Wednesday, October 30, 2019

Virtual Machine Oriented Development

Most computing devices that we have today---desktop, laptop or phone---are capable of computing any program that can be computed. There's a bit of equivocation there. What is meant is that anything that a human can manually calculate via rote, mechanical process can also be done by computer. This is the Church-Turing Thesis.

I've never really stopped to think, but what would a non-universal computing machine look like?



Several years back I suffered a bout of jealousy. I thought about engineers in other fields who build roads or buildings or even cars. A civil engineer can imagine something they've build standing still amidst the blur of 100 years passing by. An automotive engineer can imagine a car they've designed still driving the roads in 20 years.

I don't think a single line of code that I wrote 3 or more years ago is still in production, and that's ignoring all the code that I wrote that never made it into production.

These are the kinds of things you start to ponder as you reach the ripe, old, programmer retirement age of 33.

But then a funny thing happened. I played Sam & Max Hit the Road ... on my Android phone.

Here was a game released in 1995 and I was playing it on my Android device in 2014. How did that happen? Well, when LucasArts designed the game "Maniac Mansion," they decided to create a scripting language and write the game in that language, and they used that scripting language for many of the games they made. I have several original LucasArts games on CD. Some are PC versions some are Mac versions.
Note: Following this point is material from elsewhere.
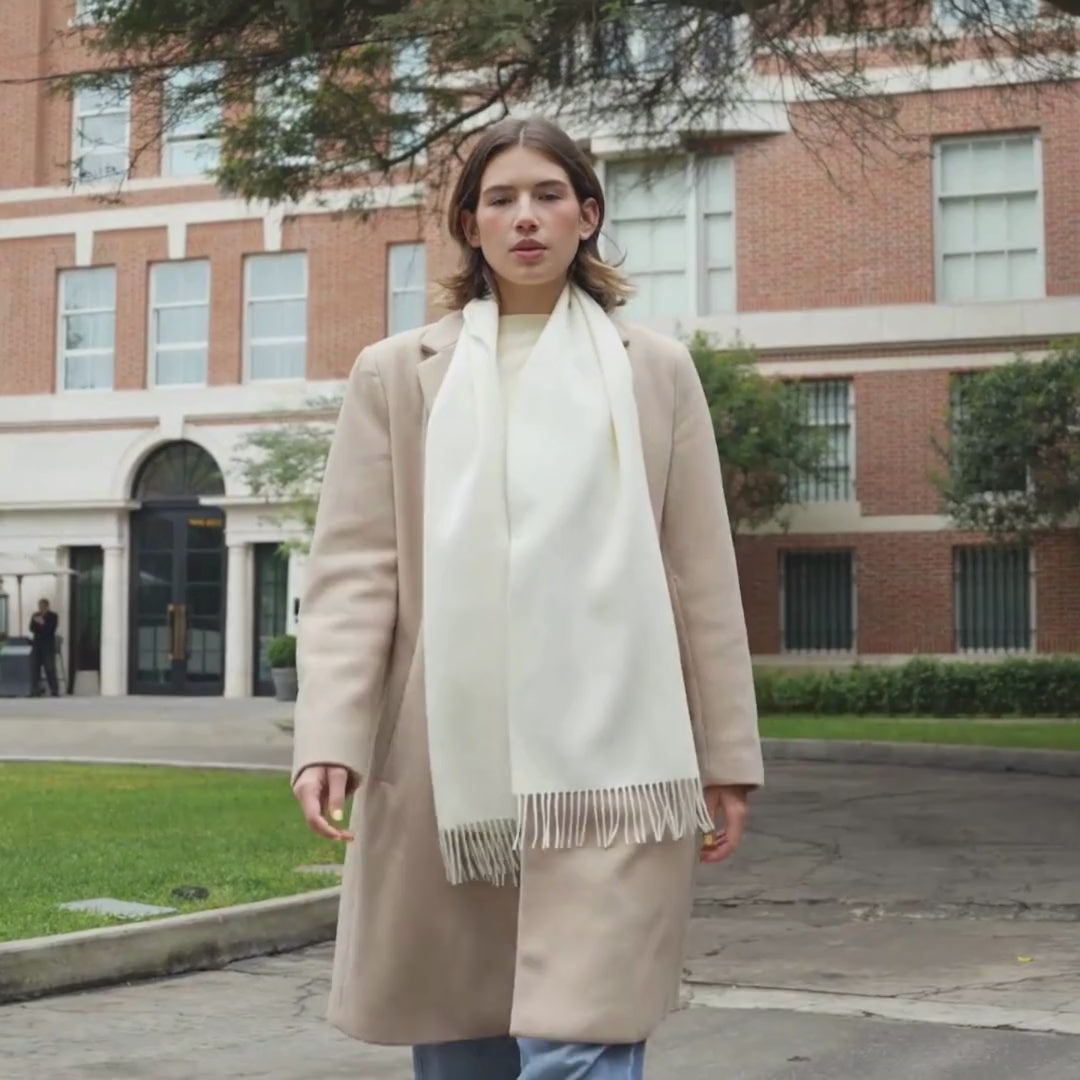 Eleganter weißer Alpaka Wollschal für Damen, ideal für kalte Tage und stilvolle Winterlooks, weich und luxuriös.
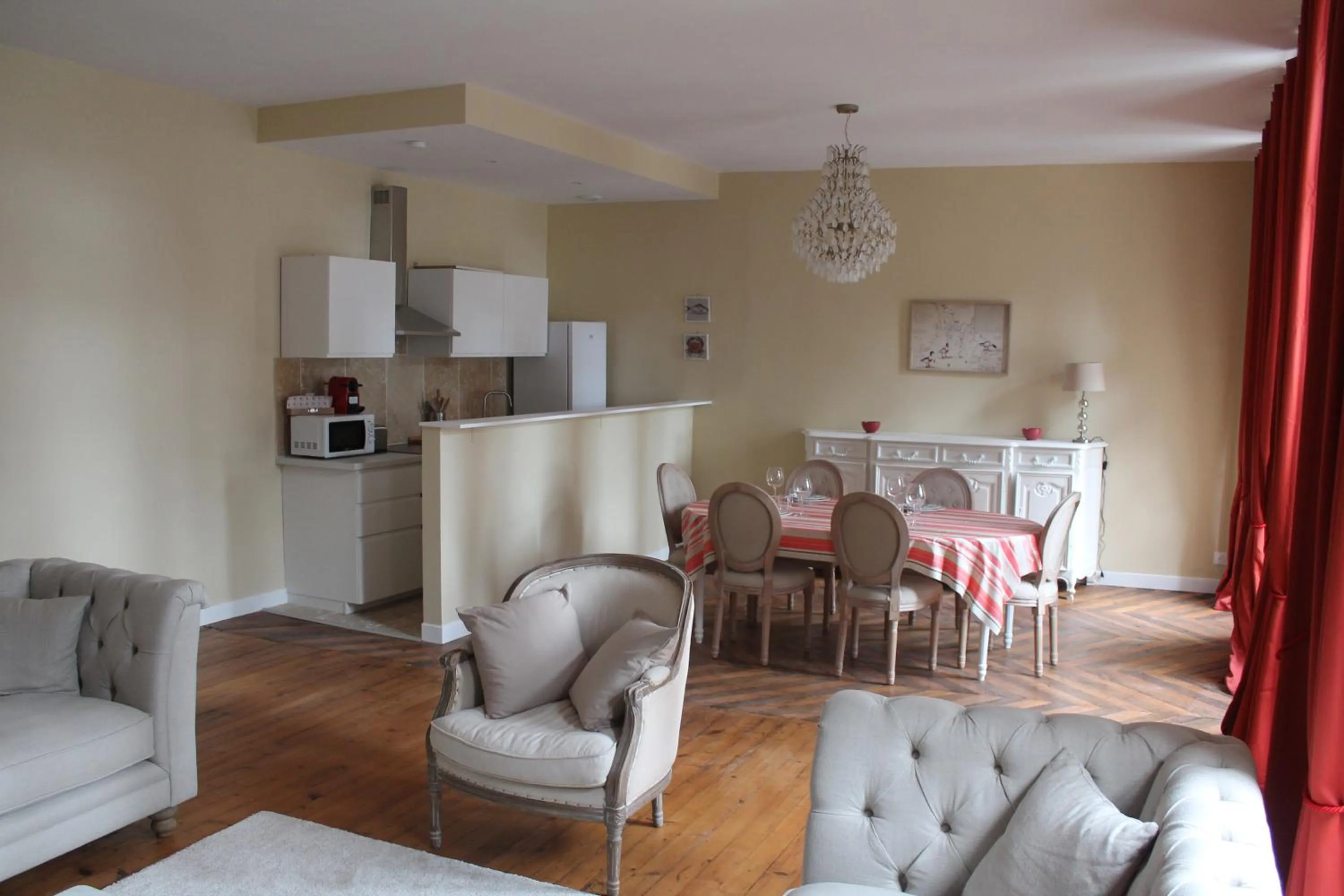 Kitchen or kitchenette in Duc de Bretagne Luxury Apparthotel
Over the years as I feel the nostalgia hitting me I'll grab the game files from the CD and download ScummVM for whatever platform I'm on at the time. I copied the game files to my phone and downloaded ScummVM from the Play store. That's how it happened.


Data is Code

I had been exposed to Lisp, and even written a lot of Lisp before I finally had my enlightenment about macros and metacircular interpreters. I remember vividly reading Structure and Interpretation of Computer Programs and seeing Scheme put to use creating simple yet powerful abstract interpreters. The author's start "simply" with interpreters that add new programming paradigms to Scheme. Then they proceed to simulating a register machine and writing an assembler and compiler for it. This happens in the last chapter, a space of ~100 pages.

It is a Divine joke that Structure and Interpretation of Computer Programs and The Art of Computer Programming had their titles swapped, because---while I don't wish to denigrate TAOCP which is a depth of amazing riches---SICP is about art, and in a metacircular way it is art.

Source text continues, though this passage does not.